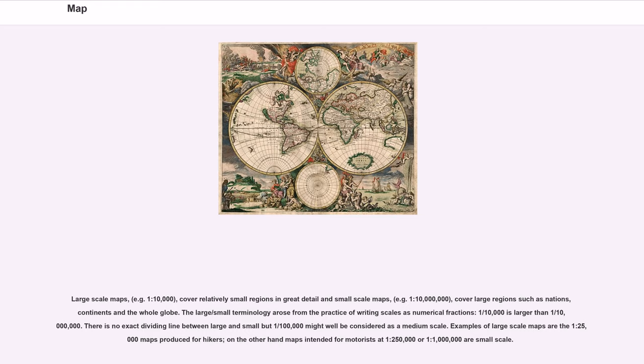Examples of large scale maps are the 1:25,000 maps produced for hikers. On the other hand, maps intended for motorists at 1:250,000 or 1:1,000,000 are small scale.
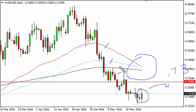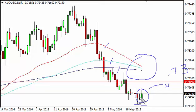It looks like we are going to cross, so given enough time we do think that the downtrend continues. We have no interest in buying. Alternatively, if we break down below the bottom of the hammer from the Tuesday session, that would be a selling opportunity as well.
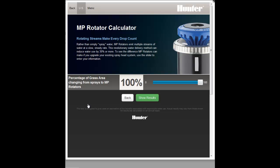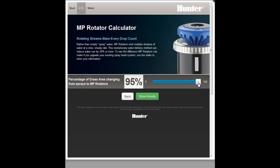The calculator uses the grass area you entered on the Water Use Information page as a basis for the calculation. Adjust the slider to the percentage of the grass area you would like to change from sprays to MP Rotators.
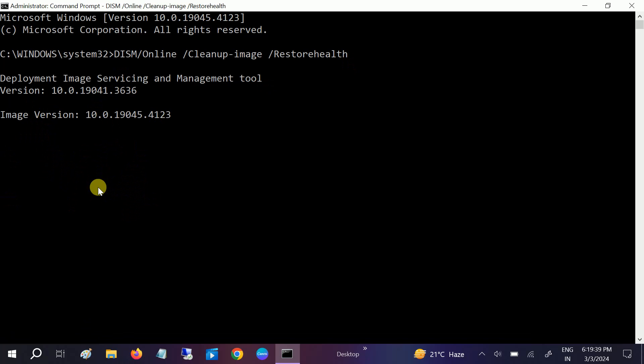If your issue is still not fixed, you have left the last option: fresh installation of Windows, whichever Windows you are using. And make sure your laptop or the system is compatible with Windows Hello Face.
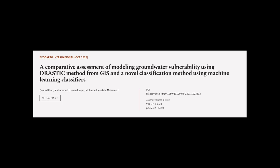This article was authored by Kasim Khan, Mohamed Osman Laiyakat, and Mohamed Mustafa Mohamed.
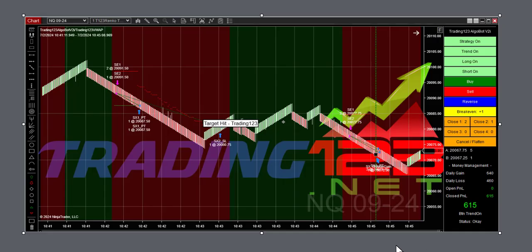Welcome traders, Patrick with trading123.net. In this video we're going to talk about today's trades here on Tuesday, July 2nd, 2024.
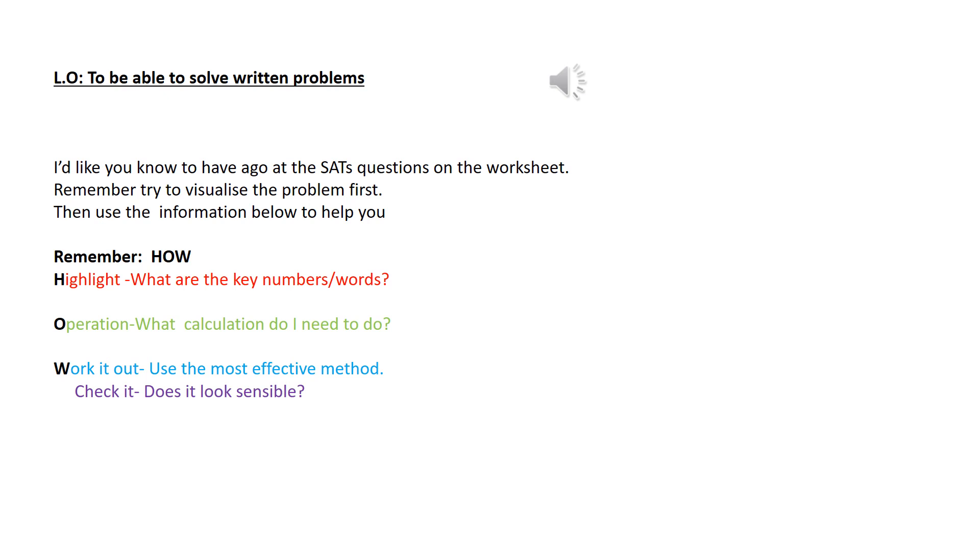Remember, you need to use the methods that you feel most confident with. So whether it's the compensation method, doing it mentally and just putting down jottings, or whether you want to use the expanded column method. Good luck!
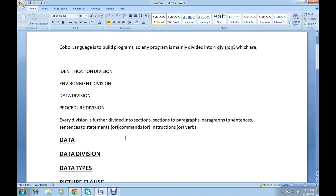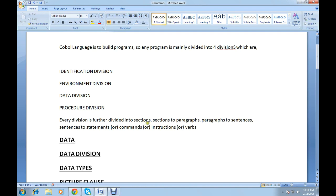Hi everyone, welcome to COBOL from Basics, video 3. In my last video I was discussing the COBOL language structure and its different divisions. To recap: COBOL is a must-build program, so any program is divided into four divisions — identification division, environment division, data division, and procedure division. Every division is further divided into sections, sections into paragraphs, paragraphs into sentences, and sentences into statements or verbs.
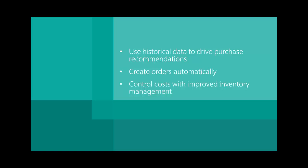We just saw how quick and easy it is to locate and purchase low inventory items with Microsoft Dynamics GP.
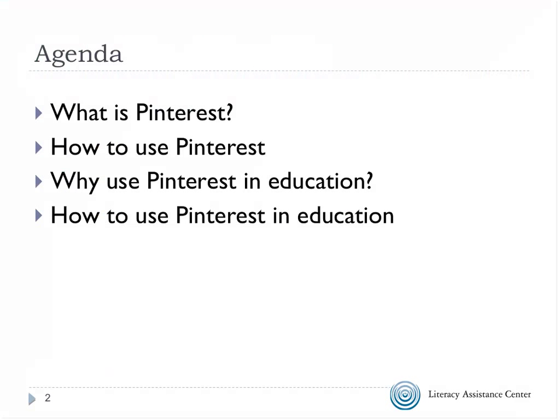Many people have used Pinterest but have never thought about using it in education. So we'll talk a little bit about the basics of Pinterest — what it is, how to use it in its designed way — and then why it would be useful in education and some actual uses of it in education.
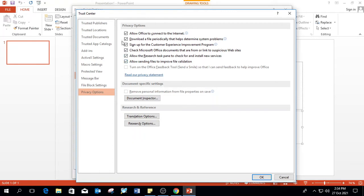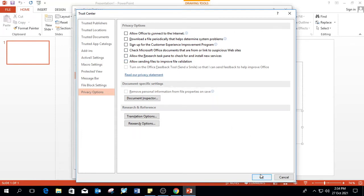When you disable the connection from Internet on PowerPoint, the same settings apply to Word, Excel and all of MS Office products.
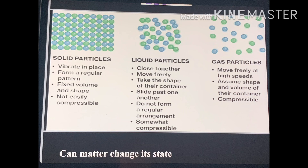The intermixing of particles of two different types of matter on their own is called diffusion. In diffusion, particles of one type of matter intermix with another type of matter by fitting into the spaces between the particles of matter. Solids generally do not show diffusion because the particles have negligible space between them and very less kinetic energy. Some solids like copper sulfate crystals, salt, and sugar show diffusion in liquids, and some solids like camphor and dry ice show diffusion in gases.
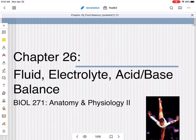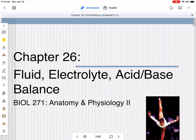Hi everyone, this is our first video on chapter 26, which is our fluid balance chapter. This is a perfect chapter to follow the urinary system, since we spent a lot of time talking about the kidney's role in regulating fluid balance. We're also going to be talking about electrolyte balance and acid-base balance.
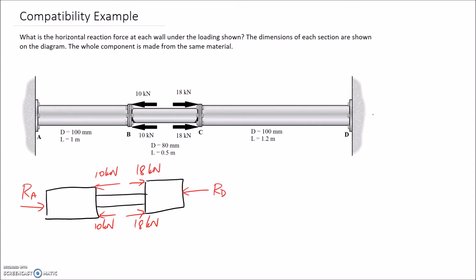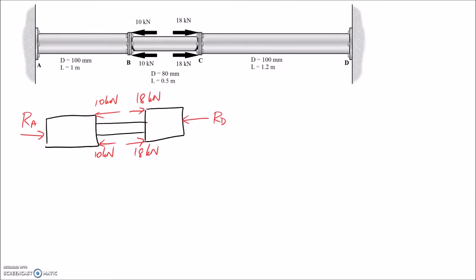Similarly, this side is going to push into the wall, so this needs to push back. Of course, if you get the directions wrong, it will just come out negative in your answers and you'll know to flip the arrow. Now that we've got our free body diagram, we should be able to develop an equation from our horizontal forces needing to be in equilibrium.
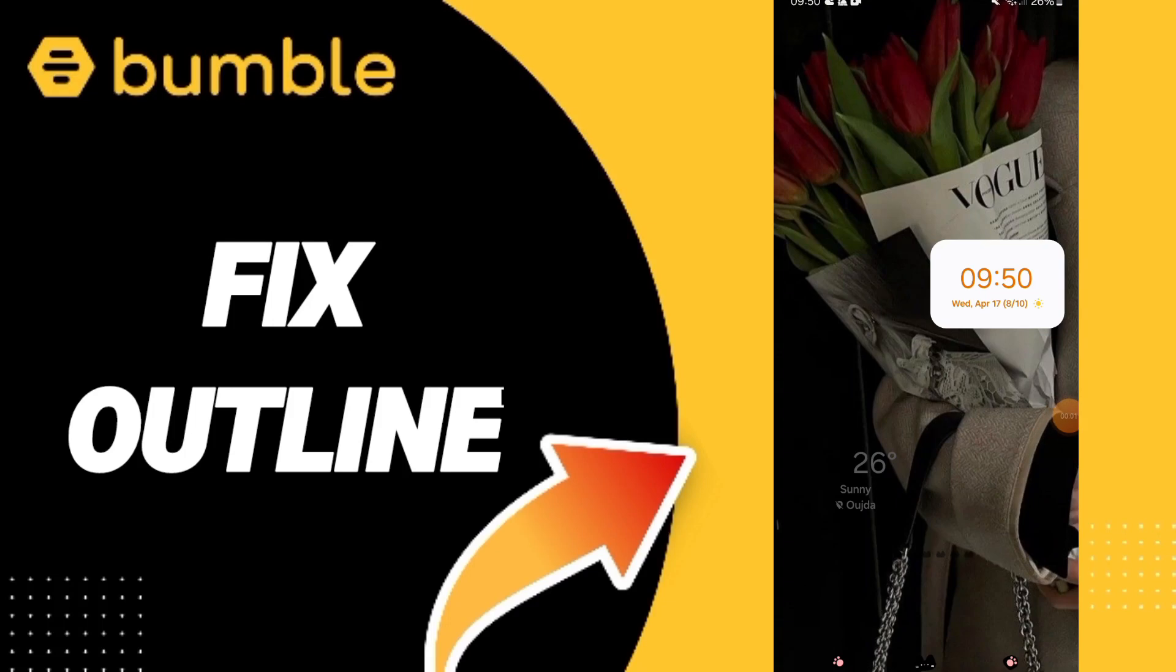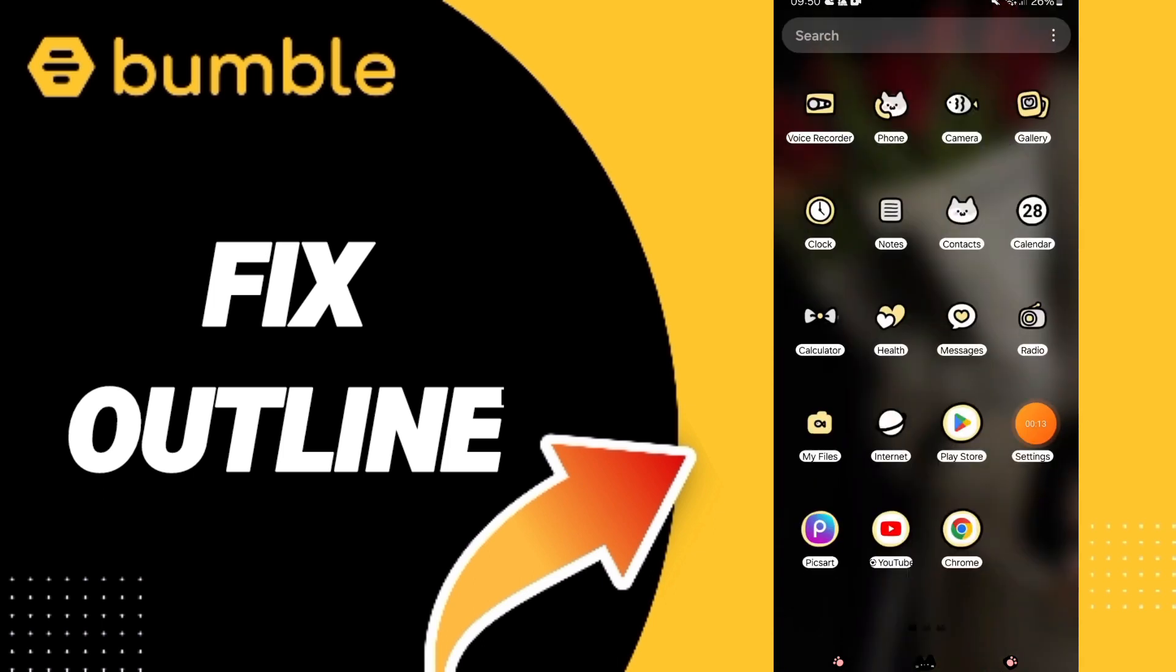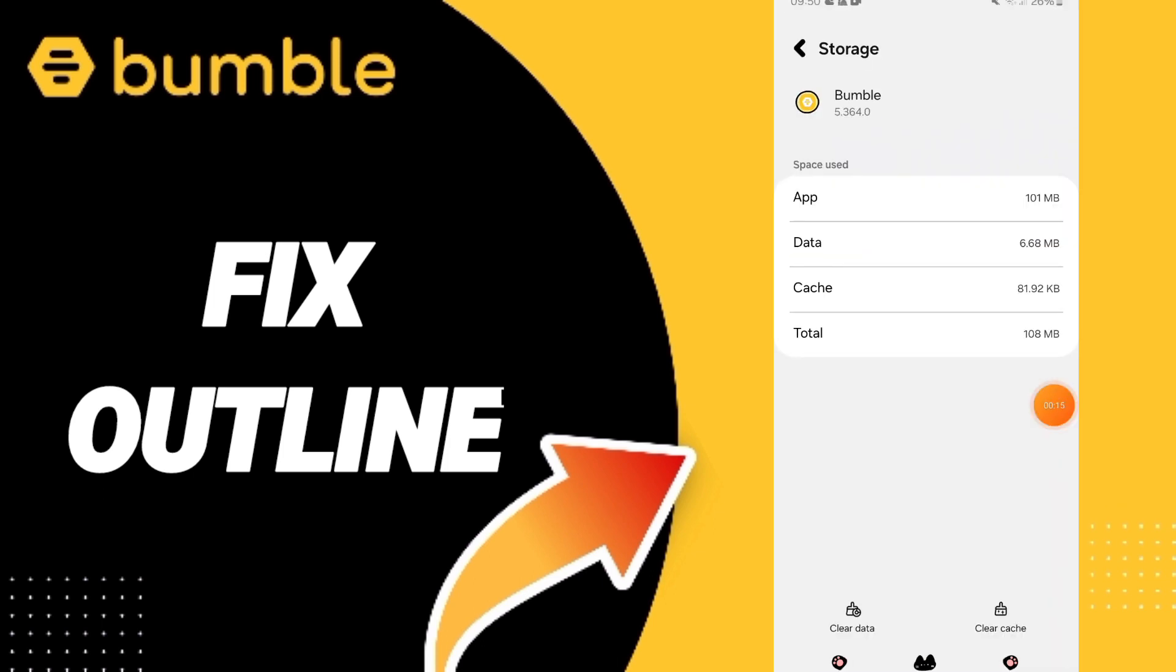Today we will talk about how to fix or solve the problem of outline on Bumble app. To know how to fix or solve the problem of the outline on Bumble, you should just go to settings.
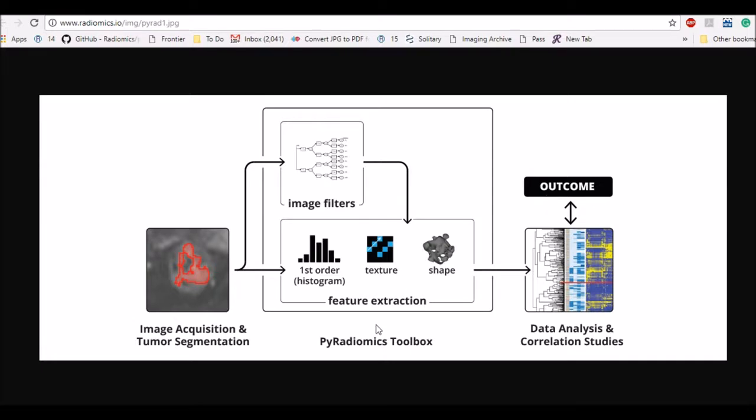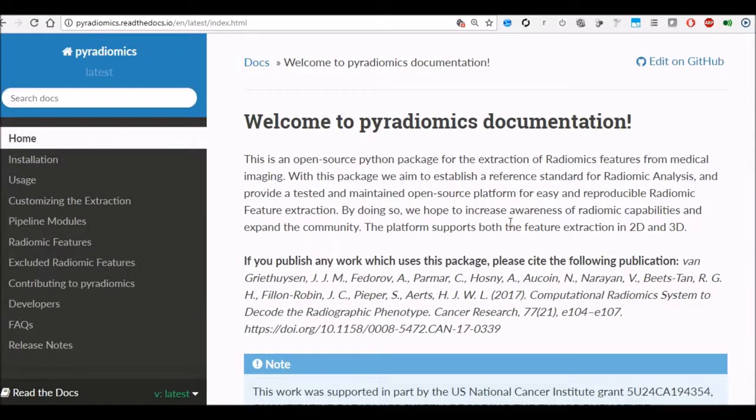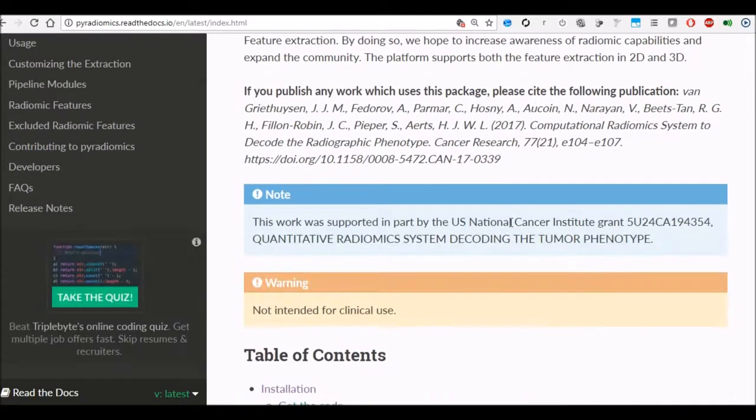PyRadiomics in all offers several built-in image filters and more than 140 feature extraction algorithms which can be used for further data analysis. In today's video I'm going to talk about how to install it.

════════════════

**Brief:** Set down again, exactly, every line above from the one with "This article was" down to the one with "We just saw", both ends included. No pictures, and nothing else.

**Task output:**
This article was authored by Kasim Khan, Mohamed Osman Laiyakat, and Mohamed Mustafa Mohamed.
Welcome traders, Patrick with trading123.net. In this video we're going to talk about today's trades here on Tuesday, July 2nd, 2024.
Remember, you need to use the methods that you feel most confident with. So whether it's the compensation method, doing it mentally and just putting down jottings, or whether you want to use the expanded column method. Good luck!
Hi everyone, welcome to COBOL from Basics, video 3. In my last video I was discussing the COBOL language structure and its different divisions. To recap: COBOL is a must-build program, so any program is divided into four divisions — identification division, environment division, data division, and procedure division. Every division is further divided into sections, sections into paragraphs, paragraphs into sentences, and sentences into statements or verbs.
We just saw how quick and easy it is to locate and purchase low inventory items with Microsoft Dynamics GP.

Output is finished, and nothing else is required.